Wednesday, August 31, 2011

Climbing and Beaching

I've been in Barcelona exactly one month.  In that time, I've settled all my foreign residence paperwork, set up both my home, classroom and finances, made friends in teachers, climbers, hikers and dancers, figured out the public transportation system and bought a bicycle for getting around town, opened a public library card, and taken Catalan lessons.  (I know the library card is random, but to own one really makes me feel like I live here.)     

 I've written the introduction to my Barcelona Essay.  As soon as I have my job dialed in (the first day of school is tomorrow....agh!), I will have completed my intro, and will move on to the body of this essay. I am looking forward to settling into a rhythm, for work to feel less all-engrossing and overwhelming, for my mind to be enough at ease that it can drift to the things I moved here to do: find the inspired, adventure, create...   

I've been through a roller coaster of emotions that come with EVERYTHING in your life being new, barring yourself.  And thank goodness you have yourself, because that is exactly who you lean on when you feel down and distressed.  The personal growth is immense as you learn about yourself and your cultural ties, but these lessons are not handed to you on a silver platter, and only with a little distance in time does hindsight pat you on the back.  At the time, it's exhausting.  There is no surplus of transition energy.  True, it does get easier in many ways the more you do it.  You learn more about the logistics, to be flexible, that everything always works out in the end, and that the associated feelings are only temporary.
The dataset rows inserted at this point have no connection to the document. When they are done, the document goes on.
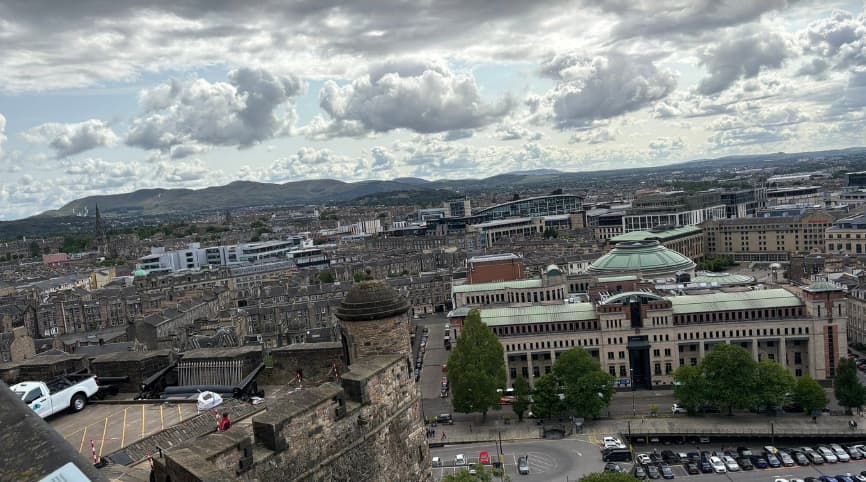 Quais são os melhores castelos para visitar no Reino Unido?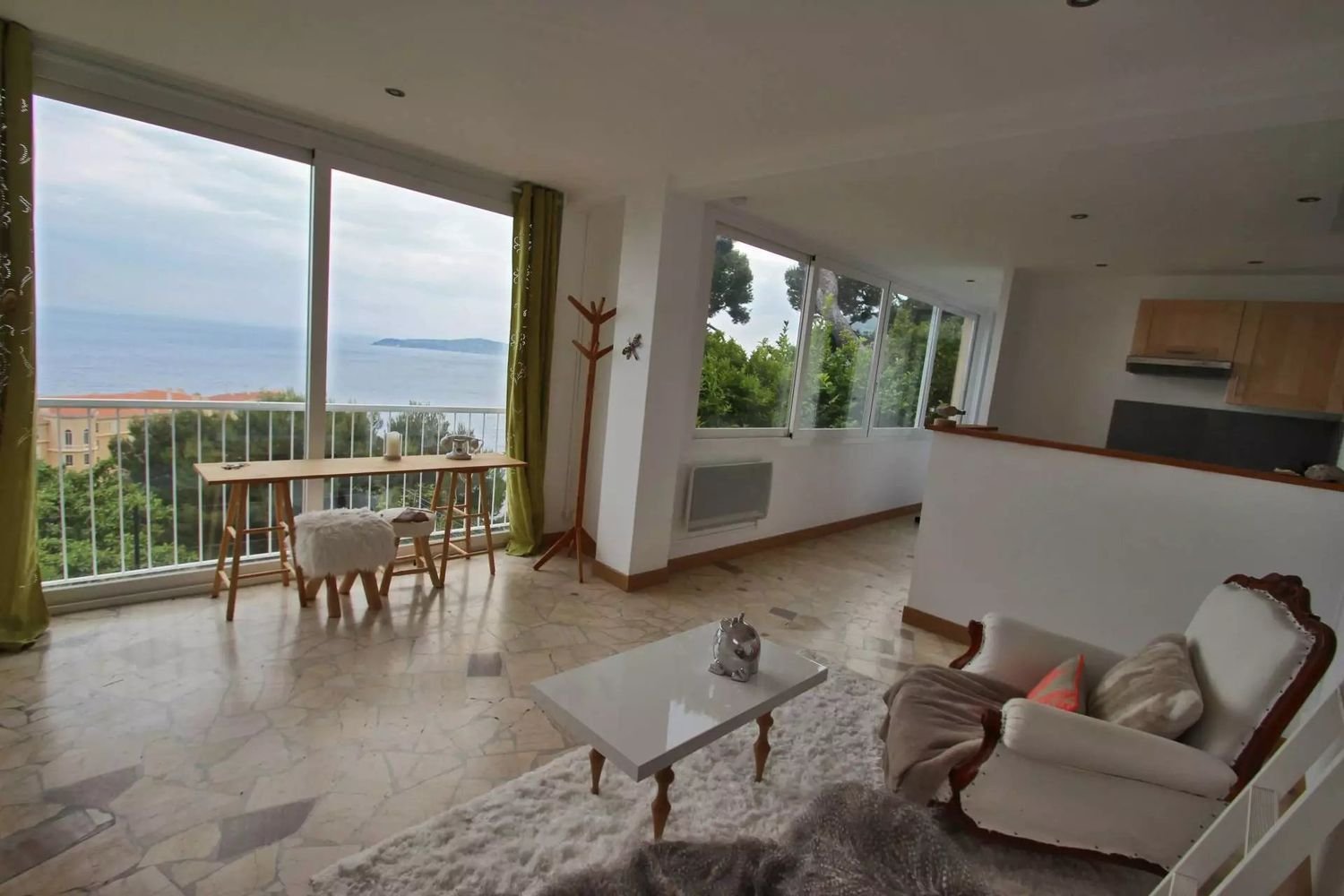 Appartement à louer, 37m², Cap-d'Ail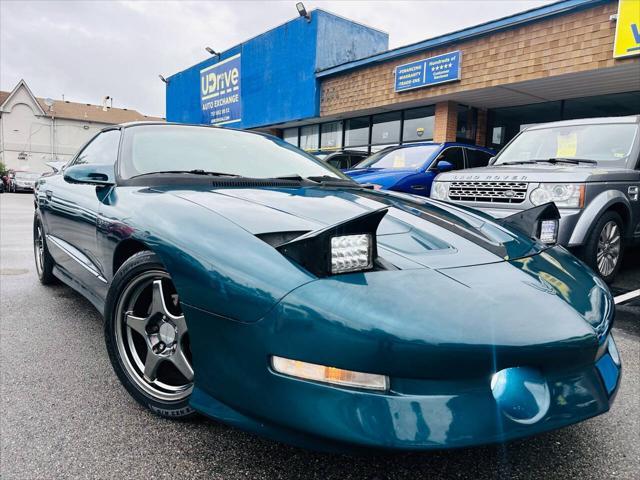 used 1997 Pontiac Firebird car, priced at $9,990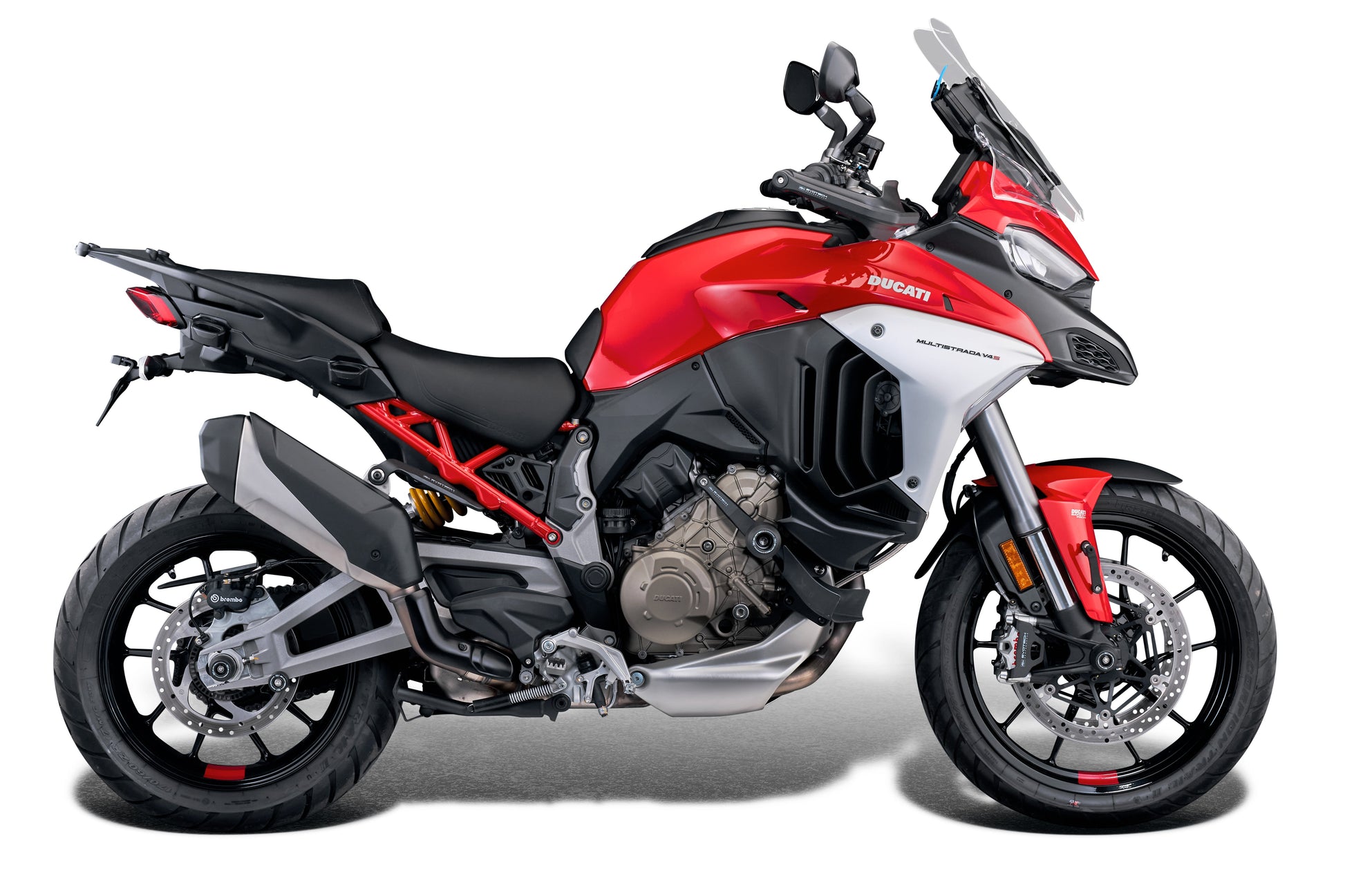 Evotech Ducati Multistrada V4 Valblokken set (2021-2024)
But the exhaustion feels a bit like scar tissue.  This time around, I've wondered how many more big moves I have in me. 

One thing I have learned a lot about in this international teacher's lifestyle is self-soothing, having both honed my awareness of what I need, as well as added tools to my toolkit. This blog entry is about just that, namely two of the things I have found access to in Barcelona that fill my happy cup: climbing and spending time by the sea.

Last week, I found an indoor climbing gym, and even though it costs four times as much as the one I frequented in Ankara, I bought a short-time pass in order to train and meet other climbers.  It didn't take long.  Thanks to the notice board, I hooked up with three other climbers last Sunday, a guy from Madrid, a guy from Mexico, and a gal from Brussels. The common language: English.  We rented a car and drove 30 minutes to Montserrat. It was dirt cheap, 10 Euro per person including gas, much cheaper than it cost to split gas to drive to the local crag outside of Ankara.  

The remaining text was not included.